Entries taken from a collection
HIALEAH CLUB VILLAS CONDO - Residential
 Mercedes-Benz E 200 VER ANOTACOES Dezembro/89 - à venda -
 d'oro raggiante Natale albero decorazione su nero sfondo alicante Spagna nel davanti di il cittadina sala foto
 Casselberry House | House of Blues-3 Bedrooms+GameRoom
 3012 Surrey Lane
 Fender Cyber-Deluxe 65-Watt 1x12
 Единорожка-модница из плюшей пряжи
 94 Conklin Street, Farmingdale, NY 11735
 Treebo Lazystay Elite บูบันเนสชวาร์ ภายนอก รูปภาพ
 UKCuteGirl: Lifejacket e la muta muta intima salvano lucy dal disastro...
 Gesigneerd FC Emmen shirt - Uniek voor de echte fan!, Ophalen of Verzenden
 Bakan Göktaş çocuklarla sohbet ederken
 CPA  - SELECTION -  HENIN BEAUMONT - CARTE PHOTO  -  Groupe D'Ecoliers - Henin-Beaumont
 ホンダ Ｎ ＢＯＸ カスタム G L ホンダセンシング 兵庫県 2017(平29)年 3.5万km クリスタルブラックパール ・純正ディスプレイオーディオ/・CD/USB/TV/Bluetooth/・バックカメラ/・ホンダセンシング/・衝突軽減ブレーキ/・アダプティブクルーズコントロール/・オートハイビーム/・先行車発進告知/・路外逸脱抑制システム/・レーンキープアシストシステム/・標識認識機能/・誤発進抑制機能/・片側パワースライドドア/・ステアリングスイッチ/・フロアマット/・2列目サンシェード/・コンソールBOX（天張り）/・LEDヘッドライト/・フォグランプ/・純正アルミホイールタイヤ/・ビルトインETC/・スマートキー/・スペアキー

* [PROBLEM DESCRIPTION]: Start at the top line of the records and retype them all exactly.

* [EXERCISE SOLUTION]:
HIALEAH CLUB VILLAS CONDO - Residential
 Mercedes-Benz E 200 VER ANOTACOES Dezembro/89 - à venda -
 d'oro raggiante Natale albero decorazione su nero sfondo alicante Spagna nel davanti di il cittadina sala foto
 Casselberry House | House of Blues-3 Bedrooms+GameRoom
 3012 Surrey Lane
 Fender Cyber-Deluxe 65-Watt 1x12
 Единорожка-модница из плюшей пряжи
 94 Conklin Street, Farmingdale, NY 11735
 Treebo Lazystay Elite บูบันเนสชวาร์ ภายนอก รูปภาพ
 UKCuteGirl: Lifejacket e la muta muta intima salvano lucy dal disastro...
 Gesigneerd FC Emmen shirt - Uniek voor de echte fan!, Ophalen of Verzenden
 Bakan Göktaş çocuklarla sohbet ederken
 CPA  - SELECTION -  HENIN BEAUMONT - CARTE PHOTO  -  Groupe D'Ecoliers - Henin-Beaumont
 ホンダ Ｎ ＢＯＸ カスタム G L ホンダセンシング 兵庫県 2017(平29)年 3.5万km クリスタルブラックパール ・純正ディスプレイオーディオ/・CD/USB/TV/Bluetooth/・バックカメラ/・ホンダセンシング/・衝突軽減ブレーキ/・アダプティブクルーズコントロール/・オートハイビーム/・先行車発進告知/・路外逸脱抑制システム/・レーンキープアシストシステム/・標識認識機能/・誤発進抑制機能/・片側パワースライドドア/・ステアリングスイッチ/・フロアマット/・2列目サンシェード/・コンソールBOX（天張り）/・LEDヘッドライト/・フォグランプ/・純正アルミホイールタイヤ/・ビルトインETC/・スマートキー/・スペアキー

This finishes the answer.